- Born: July 26, 1936 Tulsa, Oklahoma
- Died: February 23, 2002 (aged 65) Dallas, Texas
- Occupations: Inventor, businessman
- Known for: Commercialization of voicemail

= Gordon Matthews (inventor) =

Gordon Matthews (July 26, 1936 – February 23, 2002) was an American inventor and businessman and started one of the first companies which pioneered the commercialization of voicemail.

== History ==
Matthews was born in Tulsa, Oklahoma. After graduating from the University of Tulsa in 1959, with a bachelor's degree in engineering physics, Matthews joined the U.S. Marine Corps as an aviator.

Matthews' involvement in trying to mesh human voices to technology was many years in the making. A fellow friend and pilot perished in a mid-air collision, which Matthews believed was caused when he momentarily took his eyes off of his plane's controls to adjust his radio frequency. After he was discharged from the military, Matthews went to work for IBM to help develop voice-activated cockpit controls which would help lessen similar types of catastrophic errors in the future. After IBM, Matthews went to work for Texas Instruments in 1966.

===Inspiration and first commercial system===
Matthews has said that the inspiration for his invention came in 1970, while visiting a client's office on business. He noticed a number of trash bins overflowing with message slips used by receptionists and secretaries to inform their bosses that someone tried to call him while he was in a meeting or otherwise unable to take the call himself. Very quickly, he developed a concept for an electronic system to store and receive messages. His first attempt, he said, "...required 64 telephone lines, 114 Intel 8086 microprocessors and four refrigerator-sized 200-megabyte hard drives." The hard part would be to find a company willing to buy an untested system.

Matthews presented his concept at a conference attended by a Minnesota Mining and Manufacturing (3M) company executive named James Jensen, who immediately recognized the potential boom in executive productivity offered by the proposed system.
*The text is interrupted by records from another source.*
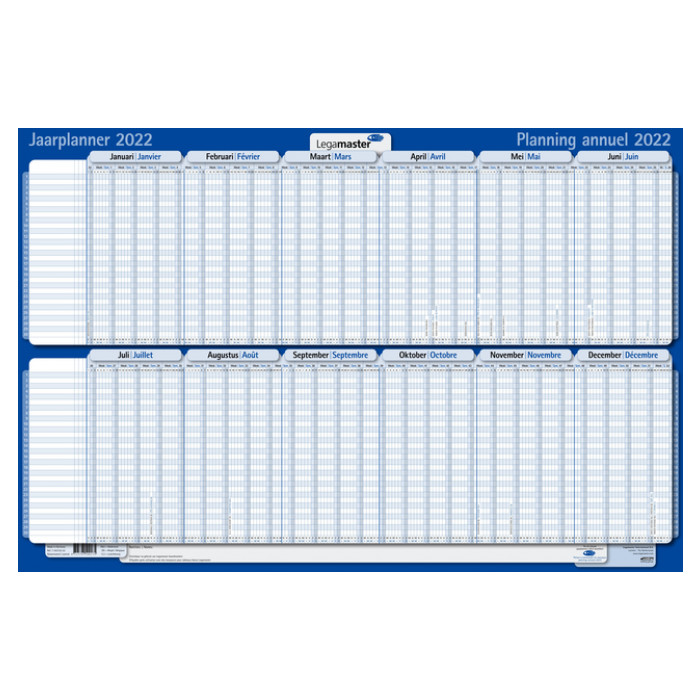 Projectplanner 2025 Legamaster 90x60cm horizontaal gelamineerd Engelstalig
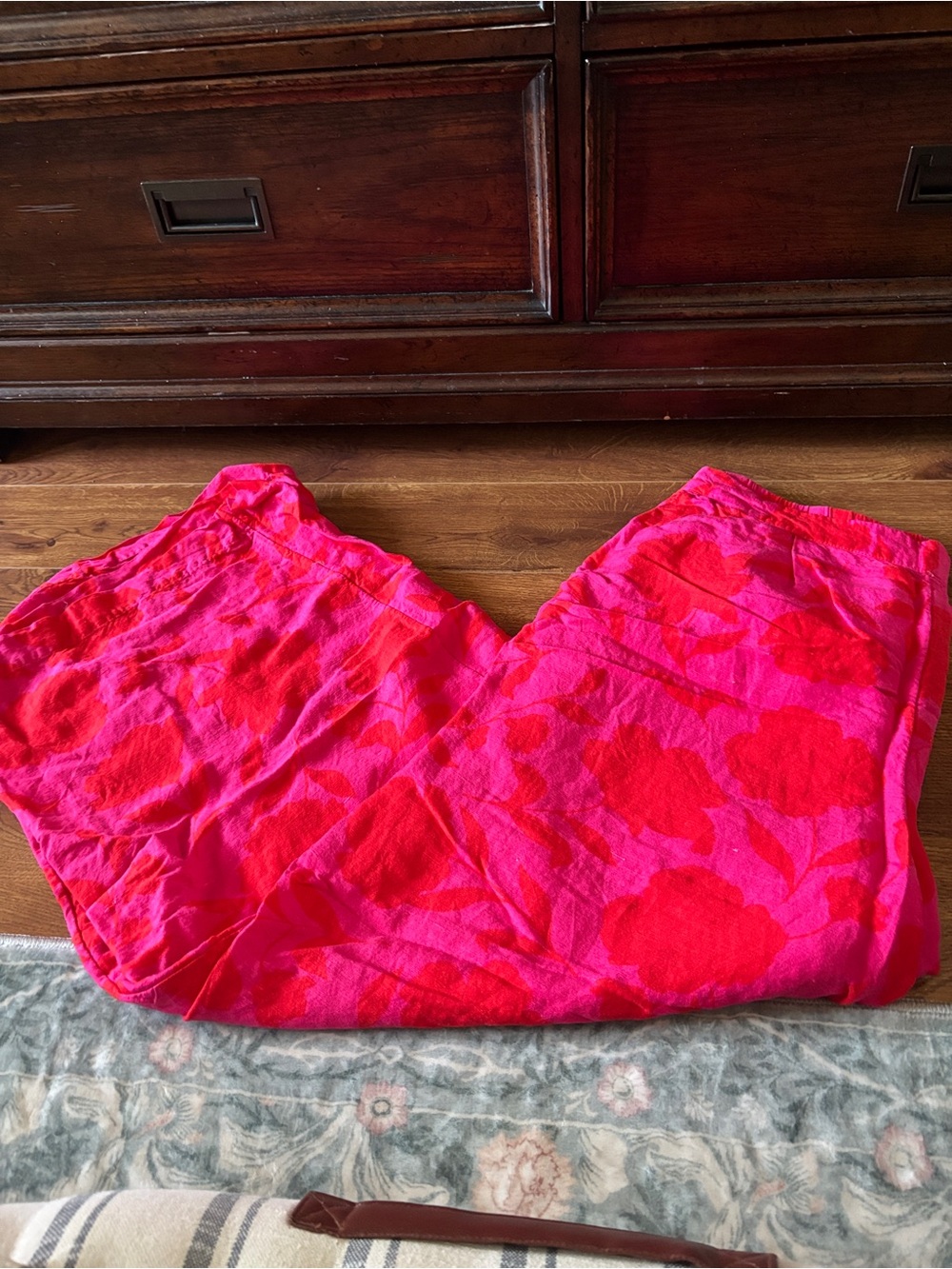 kate spade Bright Pink Floral Wide-Leg Lounge Pants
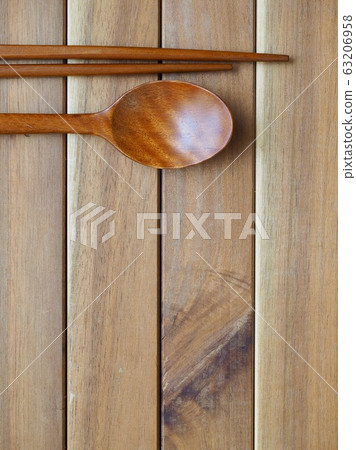 Korean traditional wooden spoon and wooden chopsticks background 63206958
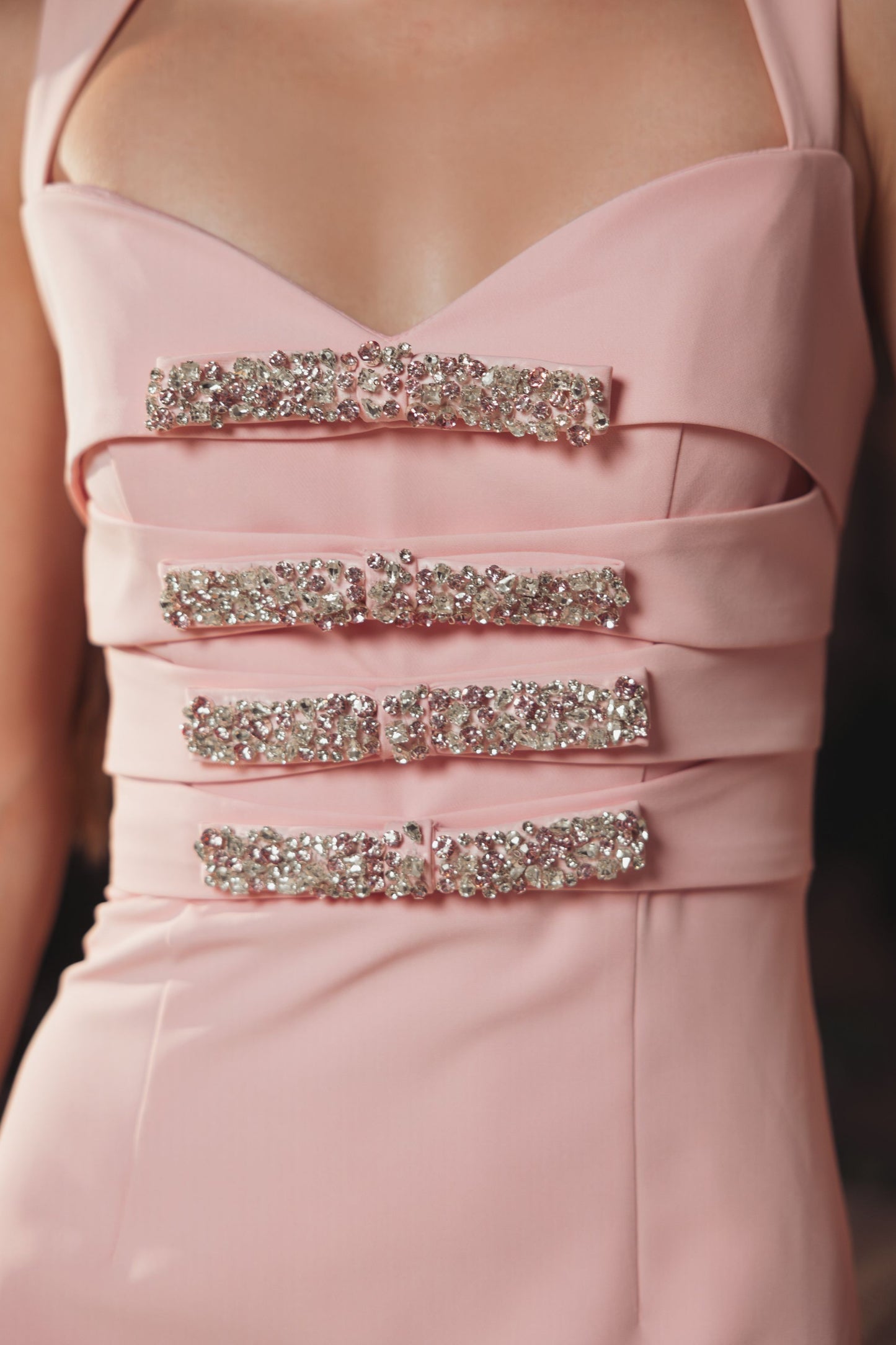 Pink Sleeveless Crepe Gown With Embellished Bows - Ieena for Mac Duggal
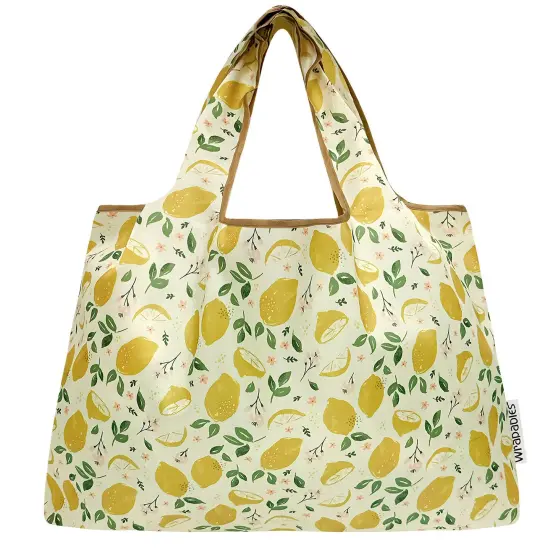 Wrapables Large Foldable Tote Nylon Reusable Grocery Bags, Lemons {3}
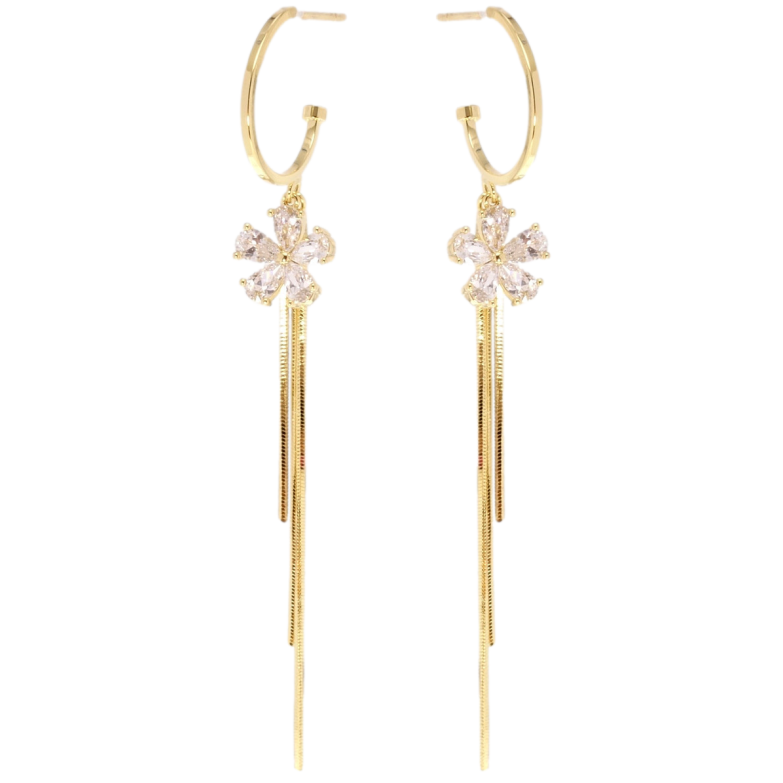 Серьги Xuping QQMM Позолота 14K пусеты Кристальные цветочки на кольцах фото №1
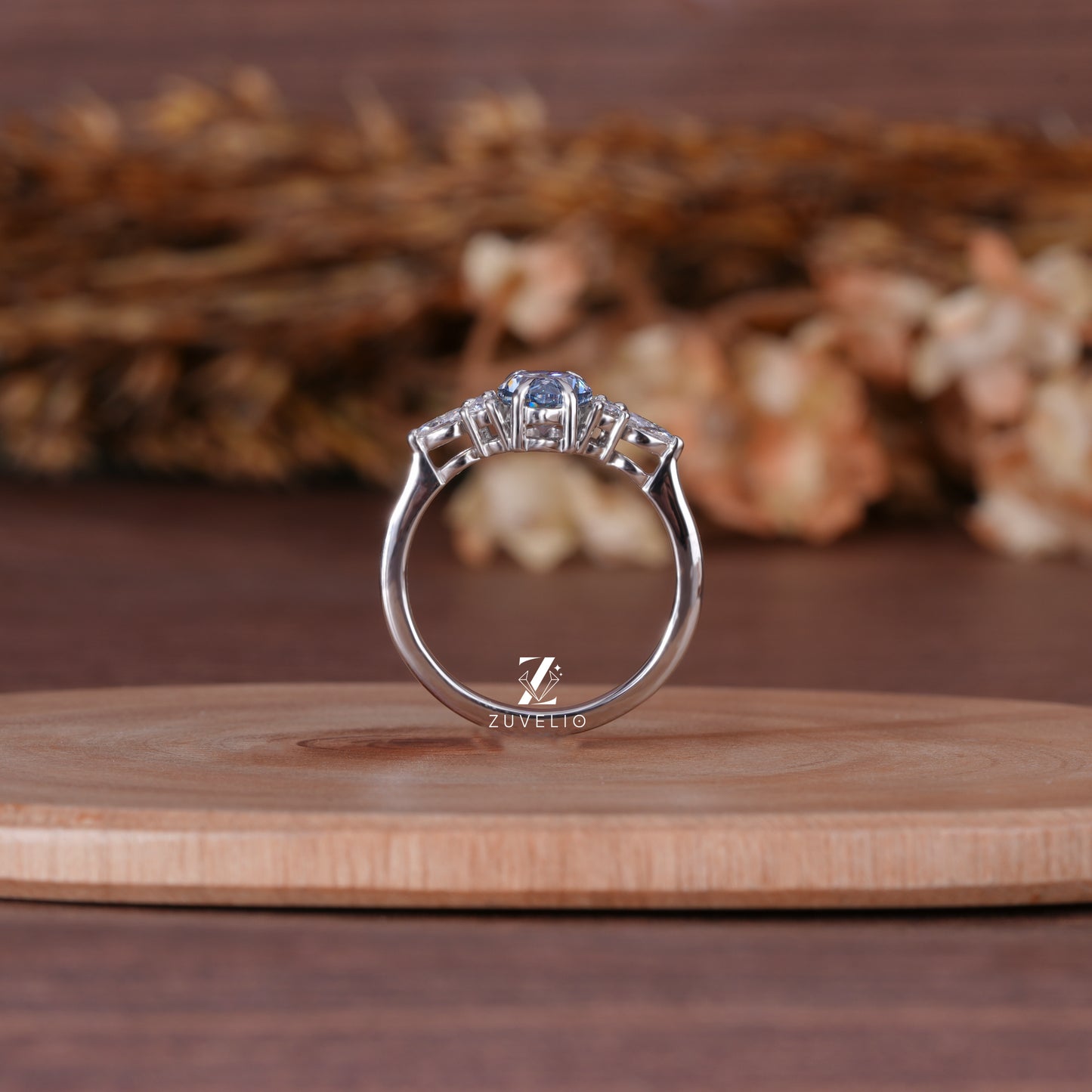 Blue Pear Moissanite Ring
By 1980, Jensen had persuaded his superiors to install the first system, which cost about $500,000 to serve about 3,000 users.

=== Founding of VMX ===
In 1979, Gordon Matthews founded a company in Texas called ECS Communications. The first VMX system was engineered by John Cayton under the direction of Gordon Matthews. In 1979, Matthews also filed a method patent for voicemail, which was granted on February 1, 1983. Matthews patented what was called "Voice Message Exchange," U.S. Patent No. 4,371,752, and was a significant patent for voicemail. While there was prior art for voicemail, Matthews' patent was never adjudicated and held up until its expiration. Matthews eventually held over thirty-five patents, many of which related to voicemail.

Matthews later changed the name of his company to VMX Inc. (Note: One source said that the company name stood for Voice Mail Express.) He eventually developed a 3,000-user voice messaging system called the VMX/64. VMX was arguably the first company to offer voicemail for sale commercially for corporate use. Matthews was able to sell his system to several notable large corporations, such as 3M, Kodak, American Express, Intel, Hoffman La Roche, Corning Glass, ARCO, Shell Canada, Zenith Data Systems and Westinghouse.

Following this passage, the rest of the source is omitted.